Prompt:
Quote the lines of the data below verbatim, beginning at the line that contains "Baba oğul plastiğe" and ending at the last line, both included, and excluding pictures.

BEGIN Data provided

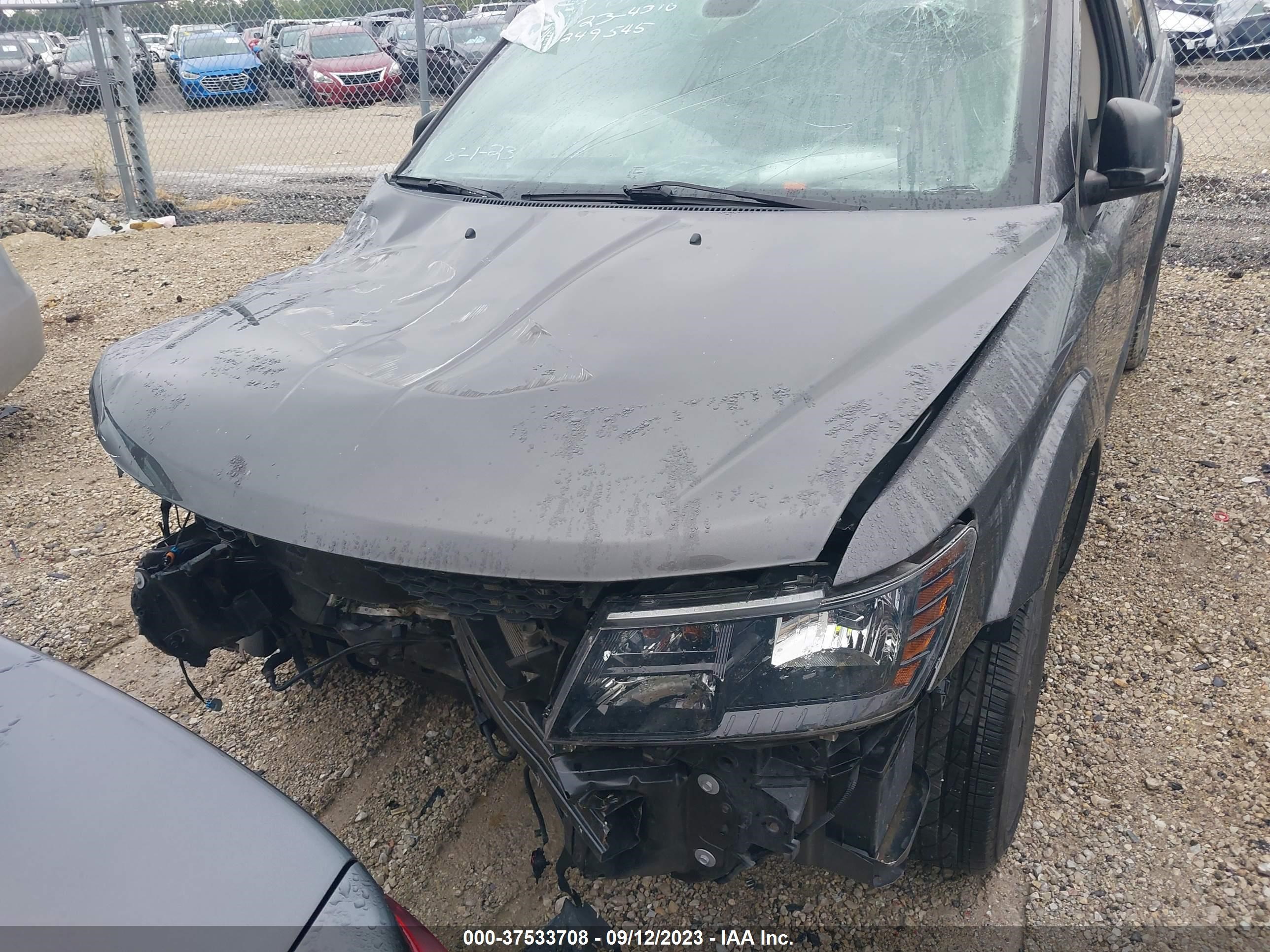 Photo 11 VIN: 3C4PDCAB8LT249545 - DODGE JOURNEY 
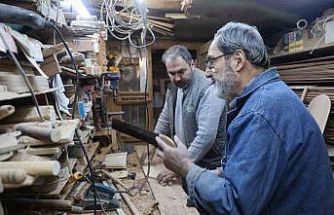 Baba oğul plastiğe karşı ahşap ustalığını yaşatmaya devam ediyor
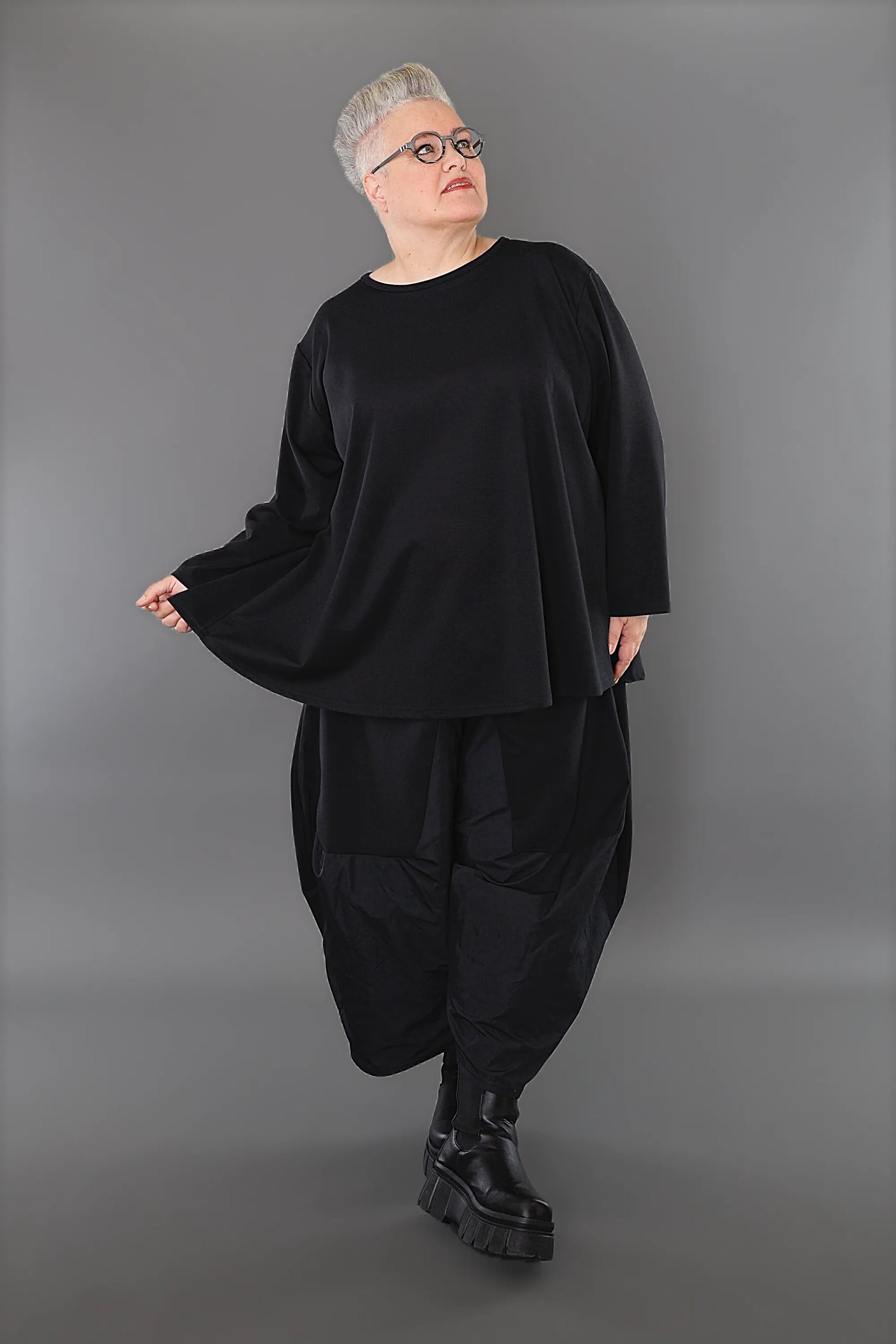  AKH Premium Shirt in gerundeter Form, aus Materialmix, P1003.6815, Schwarz, Ausgefallen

END Data provided

Response:
 Baba oğul plastiğe karşı ahşap ustalığını yaşatmaya devam ediyor
  AKH Premium Shirt in gerundeter Form, aus Materialmix, P1003.6815, Schwarz, Ausgefallen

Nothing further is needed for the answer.